### Task
Transcribe only the lines from the one containing "Grosszügige 3.5 Zimmer Wohnung in Visp (2)" through the final line of the entries below, exactly, and exclude the pictures.

### Available data
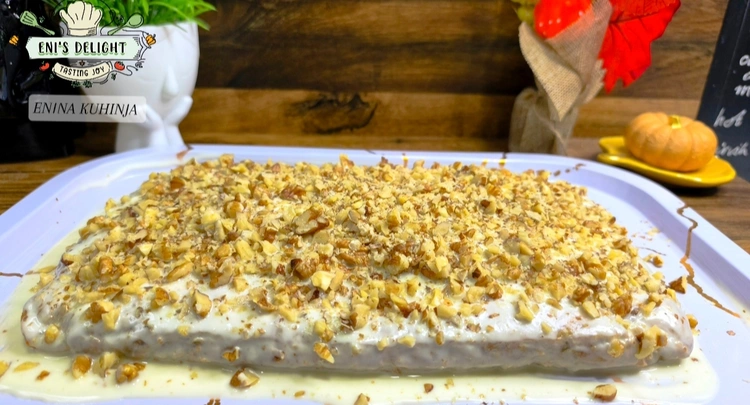 Enina Kuhinja - Posni kolač sa bananom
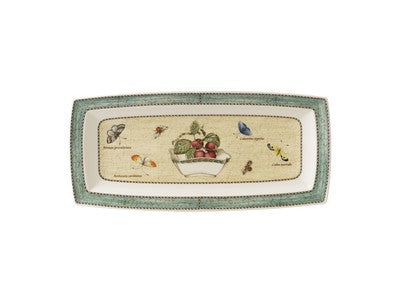 Wedgwood Sarah's Garden Rectangular Tray Green - La Belle Table - 50272503434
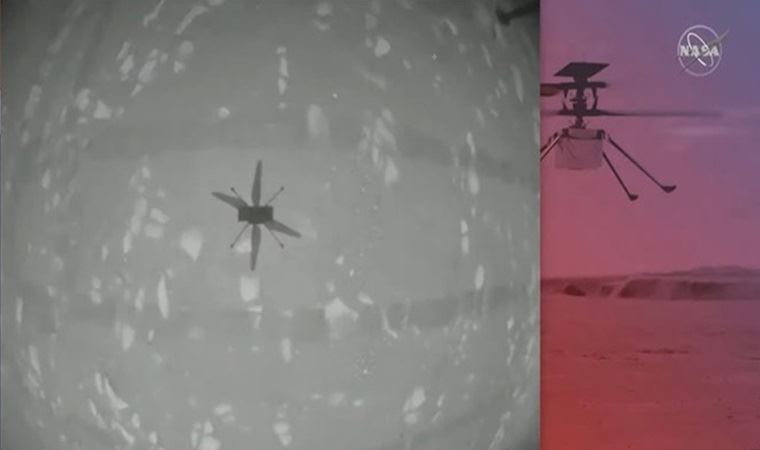 Son dakika... NASA: Veriler dünyaya ulaştı, uçuş başarılı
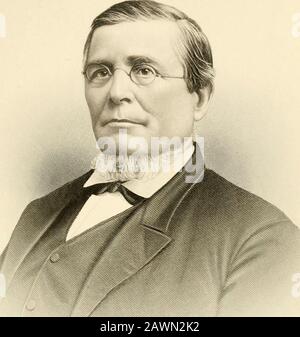 La vie et l'époque de William Lowndes Yancey . voici une preuve abondante que, pourrait-ils avoir habervé le succès de l'acteur à la maison, ils auraient créé moins d'aUnion et plus d'un Empire. La Convention, après avoir été consternée par l'exemple de la Virginie, les dirigeants de la Virginie movementine, en tant que délégués, ont estimé l'obligation de leur poser les bases de ses travaux dès le début. Accord-Aingly, à la suite de nombreuses suggestions faites par GeneralWashington, M. Madison a écrit, à l'avance, ce qui est connu asthe Virginia ?• plan, offert à la Convention par l'éloquentEdmund Randolph. Ce pl Banque D'Images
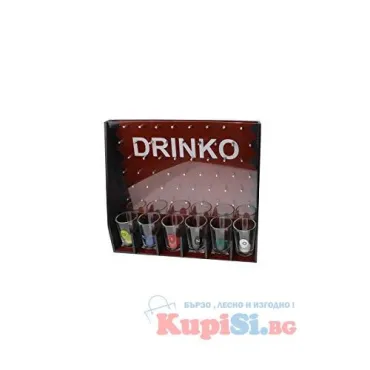Игра с алкохол и шотове - Drinko | jumbo-catalog.bg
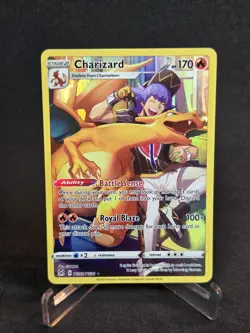 Pokemon Charizard TG03/TG30 Lost Origin Trainer Gallery Ultra Rare NM Condition - Image 1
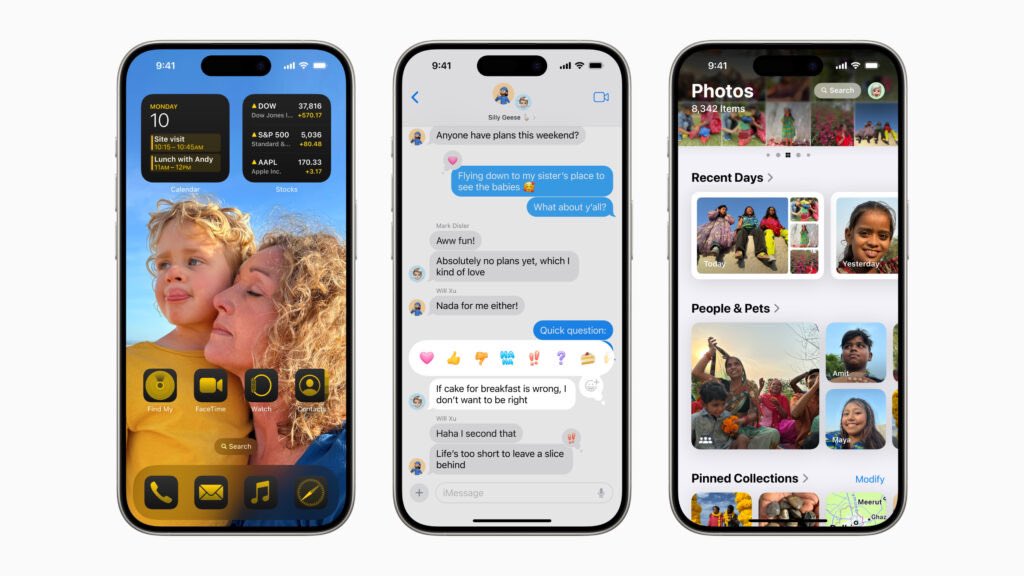 苹果iOS 18有哪些功能更新?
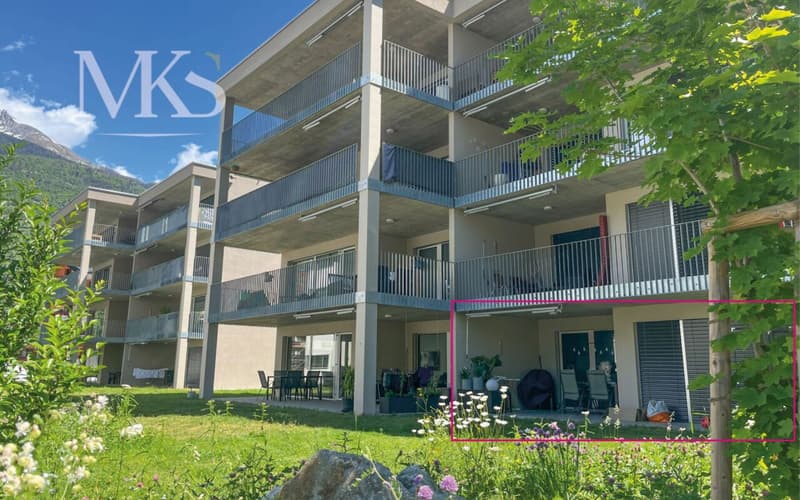 Grosszügige 3.5 Zimmer Wohnung in Visp (2)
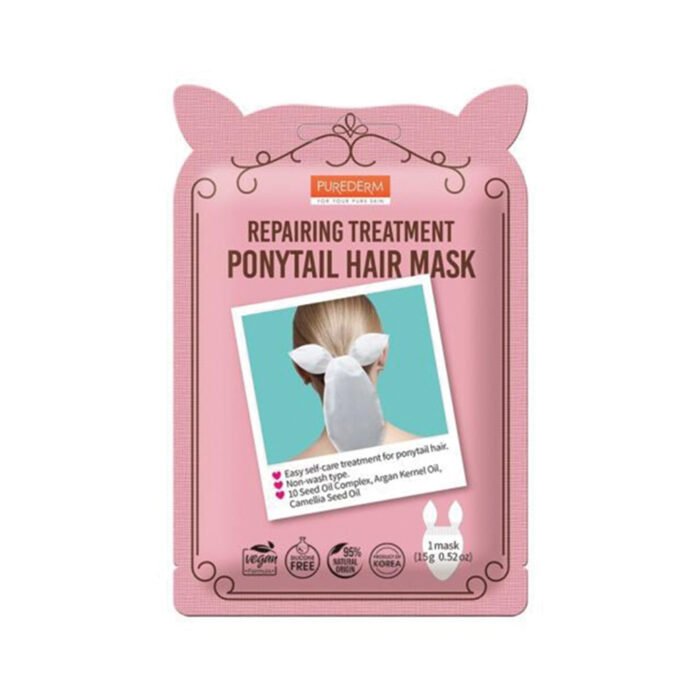 PUREDERM – Repairing Treatment Ponytail Hair Mask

### Answer section
 Grosszügige 3.5 Zimmer Wohnung in Visp (2)
 PUREDERM – Repairing Treatment Ponytail Hair Mask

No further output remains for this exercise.